A Capela de Nossa Senhora das
Dores estava quase vazia. Numa urna, defronte ao altar, o corpinho de minha
amiga repousava sereno quando amigos e parentes foram chegando pouco a pouco.
Aproximei-me devagar e a vi. Seu rosto, agora livre das fadigas terrenas, expressava
uma ternura angelical. O pequeno sino tocou e o sacerdote entrou reverente para
dar início à celebração. E nesse momento,
exaltou o nome de dona Ida: “Mulher de muitas virtudes e de oração, dona Ida é digna
de ornar-se com o terço que traz nas mãos!”. Sim, o padre Carlos tem razão. O
terço foi companhia inseparável de dona Ida desde a infância. Nas visitas que
eu fazia, nunca a vi sem o tercinho. Muitas vezes eu a encontrava adormecida,
numa espécie de êxtase, mas numa das mãos estava lá o pequeno rosário.
Essa minha amiga viveu os últimos
cinco anos cega e surda numa cadeira de rodas. Quando eu chegava, ela costumava
perguntar quem sou. Mas na impossibilidade de me ouvir ou me enxergar,
desistiu de fazer essa pergunta, indo logo ao ‘trabalho’: “Eu não sei quem é você
nem o que veio pedir, mas Deus sabe e ele vai atender”. E assim, com a mão
sobre minha cabeça, rezava um Pai-Nosso seguido de uma Ave-Maria, finalizando
com a bênção de São Francisco.
Certa feita, isso aconteceu há
uns dois meses, quando eu me ajoelhei diante dela em sua cadeira e pus sua mão
sobre minha cabeça, como sempre fazia, ela me reconheceu de pronto: “É o
Filipe!”. Sorriu, fez o Sinal da Cruz e começou as preces. Fiquei tocado com
aquilo. Como pode, depois de tantos anos sem me reconhecer, nem ao menos me
enxergar ou me ouvir, ela me identificar?! Que alegria eu senti!

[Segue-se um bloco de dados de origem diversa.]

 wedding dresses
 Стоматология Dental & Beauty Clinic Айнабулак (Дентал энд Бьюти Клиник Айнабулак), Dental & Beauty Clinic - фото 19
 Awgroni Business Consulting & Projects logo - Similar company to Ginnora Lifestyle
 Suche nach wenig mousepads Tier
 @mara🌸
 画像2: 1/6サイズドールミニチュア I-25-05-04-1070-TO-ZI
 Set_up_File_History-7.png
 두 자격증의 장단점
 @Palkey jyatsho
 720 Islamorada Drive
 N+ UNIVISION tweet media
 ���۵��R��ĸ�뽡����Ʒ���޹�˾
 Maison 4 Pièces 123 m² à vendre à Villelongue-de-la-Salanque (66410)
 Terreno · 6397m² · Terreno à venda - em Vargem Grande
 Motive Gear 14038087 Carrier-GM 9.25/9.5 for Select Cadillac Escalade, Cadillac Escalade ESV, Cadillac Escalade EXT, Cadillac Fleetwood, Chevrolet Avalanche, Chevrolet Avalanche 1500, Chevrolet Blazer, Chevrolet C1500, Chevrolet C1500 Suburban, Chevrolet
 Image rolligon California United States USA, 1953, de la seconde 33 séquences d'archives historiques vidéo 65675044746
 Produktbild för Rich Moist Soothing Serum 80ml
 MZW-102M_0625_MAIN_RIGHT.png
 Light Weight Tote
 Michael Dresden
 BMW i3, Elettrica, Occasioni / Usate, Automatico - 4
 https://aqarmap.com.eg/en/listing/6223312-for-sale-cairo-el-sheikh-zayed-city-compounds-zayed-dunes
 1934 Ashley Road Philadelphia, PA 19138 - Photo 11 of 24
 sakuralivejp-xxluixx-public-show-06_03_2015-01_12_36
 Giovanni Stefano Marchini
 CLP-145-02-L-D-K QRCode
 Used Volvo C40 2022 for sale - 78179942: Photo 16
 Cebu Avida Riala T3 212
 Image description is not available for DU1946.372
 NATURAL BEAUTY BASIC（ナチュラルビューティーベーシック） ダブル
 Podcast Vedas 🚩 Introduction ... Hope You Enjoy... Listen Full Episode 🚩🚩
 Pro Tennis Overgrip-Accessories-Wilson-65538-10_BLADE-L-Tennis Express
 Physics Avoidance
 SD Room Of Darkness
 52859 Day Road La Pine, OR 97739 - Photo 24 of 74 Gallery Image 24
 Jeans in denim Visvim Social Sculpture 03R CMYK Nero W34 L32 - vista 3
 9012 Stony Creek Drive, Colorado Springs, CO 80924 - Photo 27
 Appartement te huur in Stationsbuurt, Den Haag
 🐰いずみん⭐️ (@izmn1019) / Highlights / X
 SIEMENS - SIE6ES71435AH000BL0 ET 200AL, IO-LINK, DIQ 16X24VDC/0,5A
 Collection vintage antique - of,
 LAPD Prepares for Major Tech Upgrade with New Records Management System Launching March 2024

Dona Ida viveu muitos anos em São
Paulo, conforme me contou. Na mocidade, tentou entrar para o convento, mas não
foi aceita. Então ela resolveu, por si, consagrar-se à Virgem Maria, com votos
de pobreza e castidade, e tocou a vida. Criou sobrinhos, que eram órfãos, e se
sustentou, trabalhando em fábrica de tecidos na Zona Leste. Na Igreja, exerceu trabalhos
pastorais com menores carentes. Aposentada e com os sobrinhos já adultos,
mudou-se para Amparo, onde continuou suas atividades na Igreja, como leiga
engajada que sempre fora.
Quando os ventos dos anos lhe sopraram
mais fortemente, dona Ida procurou abrigo no Lar dos Velhos, declinando dos
cuidados oferecidos pela sobrinha. Embora tenha experimentado algum sofrimento
na nova casa, dona Ida foi feliz ali. Tinha uma funcionária de sua confiança, a
Maria, que todos os dias a ajudava. O seu quarto era limpo, organizado e havia uma
‘Madona’ sobre uma cômoda, que enfeitava o ambiente, fazendo do espaço uma
pequena capela. Mas essa imagem foi maldosamente quebrada por alguém. Dona Ida,
embora tenha ficado muito triste com isso, conseguiu que a “restaurassem”. Não acho
que houve restauro. Comprou-se outra imagem e assim ela ficou satisfeita.
“Eu sofro muito, mas não reclamo.
Apenas espero a hora em que Deus vai me chamar”, dizia aquela alquebrada
senhora, amarrada na cadeira, com apenas um sopro de voz. E aos noventa e quatro
anos, dona Ida partiu mesmo, mas ‘em odor de santidade’.